Из остальных семерых один был учитель и трое приказчики на мельнице. Все четверо сидели за одним столом. За другим устроились трое молодых людей. Среди них — Йосия, журналист, извергавший слова, которых она не понимала, но пользовавшийся уважением даже самых старых людей. Он весь состоял из слов — не родного, а английского языка, — слов, которые исходили из него, связанные друг с другом, как сосиски, и ей было известно, что, когда он не говорил, он писал эти самые слова. Разве не видела она, как Йосия показывает своим друзьям в шибине целые кипы газет? В своем бумажнике он всегда гордо хранит две вырезки из большой газеты — йоханнесбургской «Стар». Если его слова принимали там, значит он действительно человек значительный.
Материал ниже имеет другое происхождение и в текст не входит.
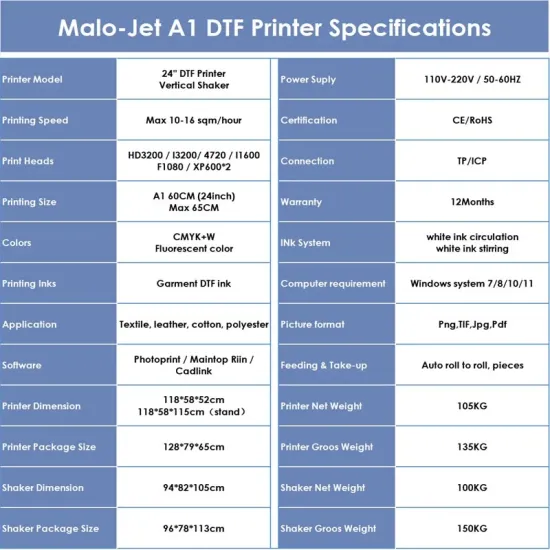 A1 DTF Printer Malo Jet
Он принадлежал к тому типу людей, которых Марта всегда рада видеть на дорогой половине. Это относится и к его другу Льюису, секретарю адвоката и переводчику. Третий за их столом появился лишь недавно, и Марта почувствовала, что они взирают на него с некоторой тревогой. Он был весь какой-то неуловимый. Говорил по-разному. То в его голосе звучали лень и досада. Так он разговаривал с ней, будто Марта неграмотная крестьянка, а не гордая хозяйка первоклассного заведения. То он начинал говорить по-английски одним уголком рта, как актеры в кино. Он сдвигал шляпу на затылок, на носу сидели темные защитные очки, и, разговаривая, держал руки в карманах. И в самом деле, никто не мог определить, что он из себя представляет, так как иногда он вдруг начинал говорить в совершенно новой манере — если разговор становился серьезным, а он всегда был им по субботам в доме 33. Он не говорил, как некоторые, без умолку. Только иногда. Но это получалось значительно. Он снимал шляпу и очки, рот становился неподвижным, и в открытых глазах светился острый ум. Он ждал, ничего не упуская из виду, и, когда, наконец, вступал в разговор, его горячий язык сразу прерывал всякую пьяную болтовню.